Banks Need to Adapt to Today’s Smarter Depositors

If you’re a fan of TV classics, you’ll likely recognize Milburn Drysdale’s name…

Actor and comedian Raymond Bailey played Drysdale in the 1960s show The Beverly Hillbillies. Specifically, he was the head of the fictional Commerce Bank of Beverly Hills.

Drysdale lived next door to Jed Clampett, an accidental oil millionaire fresh from the Ozarks. Clampett and his family also happened to be Drysdale’s biggest depositors.

As the protector of the Clampett clan’s fortune, Drysdale was under a lot of stress…

You see, Jed Clampett always asked to visit the bank’s vault to see his money. He wanted to make sure all $96 million was safe and sound.

But the thing is… the money wasn’t in the bank’s vault.

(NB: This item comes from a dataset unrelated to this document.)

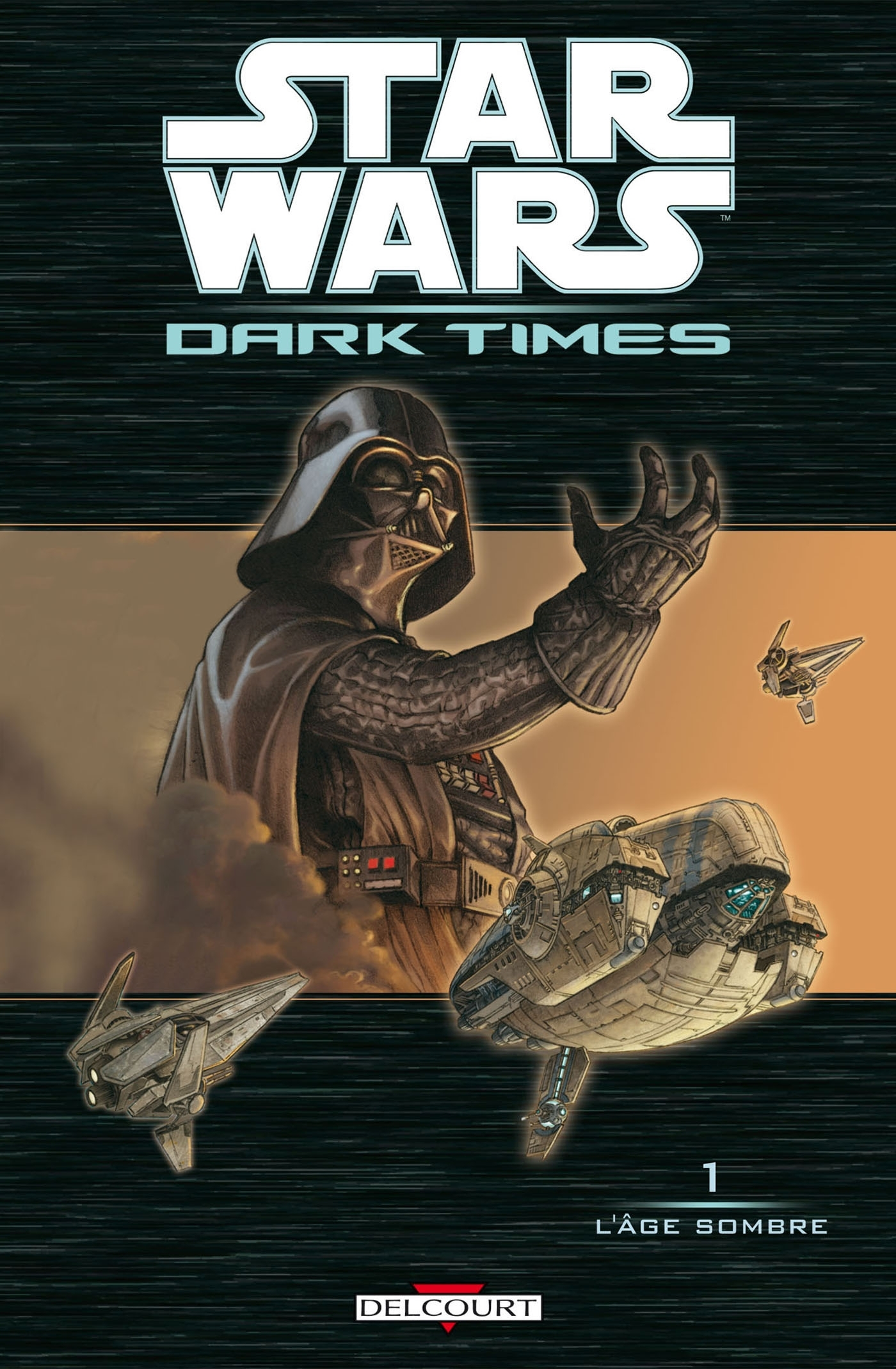 Star Wars - Dark Times T01 - L'Age Sombre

Like all bankers, Drysdale was lending the Clampetts’ money out to others. So over the course of the series, he had to keep making excuses about why Jed Clampett couldn’t visit.

If Clampett had realized the money wasn’t there, he likely would’ve gotten his shotgun.

Now, I realize I’m talking about a TV show. The Commerce Bank of Beverly Hills didn’t exist.

But this example does show the relationship between real-life banks and a lot of folks…

Jed Clampett didn’t know how the banking sector really worked. And throughout history, millions of people across the U.S. have been in similar situations with their money.

But now, we’re living in a different era…

Everyday Americans are now smarter with their money. That’s making it harder for bankers like Milburn Drysdale to “make money with other people’s money” like in the old days…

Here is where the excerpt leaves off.